Opinion
2013-05-29
Lynn W.L. Fahey, New York, N.Y. (Mark W. Vorkink of counsel), for appellant. Richard A. Brown, District Attorney, Kew Gardens, N.Y. (John M. Castellano, Johnnette Traill, and Ayelet Sela of counsel), for respondent.
Lynn W.L. Fahey, New York, N.Y. (Mark W. Vorkink of counsel), for appellant. Richard A. Brown, District Attorney, Kew Gardens, N.Y. (John M. Castellano, Johnnette Traill, and Ayelet Sela of counsel), for respondent.
RANDALL T. ENG, P.J., MARK C. DILLON, THOMAS A. DICKERSON, and CHERYL E. CHAMBERS, JJ.
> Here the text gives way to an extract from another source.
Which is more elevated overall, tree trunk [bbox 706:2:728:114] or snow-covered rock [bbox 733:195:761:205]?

Appeal by the defendant from (1) a judgment of the Supreme Court, Queens County (Kron, J.), rendered February 14, 2012, convicting him of robbery in the first degree and robbery in the second degree, upon a jury verdict, and imposing sentence, and (2) a resentence of the same court imposed March 1, 2012.
ORDERED that the appeal from so much of the judgment as imposed the sentence is dismissed, as that portion of the judgment was superseded by the resentence; and it is further,
ORDERED that the judgment is affirmed insofar as reviewed; and it is further,
ORDERED that the resentence is affirmed.
Contrary to the defendant's contention, the prosecutor's comments during summation did not deprive him of a fair trial, as the challenged comments were a fair response to the defendant's attack on the credibility of the complainant, did not denigrate the defense, and were within the bounds of appropriate argument based on the evidence ( see People v. Galloway, 54 N.Y.2d 396, 399, 446 N.Y.S.2d 9, 430 N.E.2d 885;People v. Ashwal, 39 N.Y.2d 105, 109–110, 383 N.Y.S.2d 204, 347 N.E.2d 564;People v. Flowers, 102 A.D.3d 885, 886, 958 N.Y.S.2d 206;People v. Fortune, 70 A.D.3d 964, 965, 893 N.Y.S.2d 880;People v. Barnes, 33 A.D.3d 811, 812, 826 N.Y.S.2d 283;People v. Alvarado, 262 A.D.2d 651, 652, 693 N.Y.S.2d 189;People v. Glenn, 140 A.D.2d 623, 528 N.Y.S.2d 663).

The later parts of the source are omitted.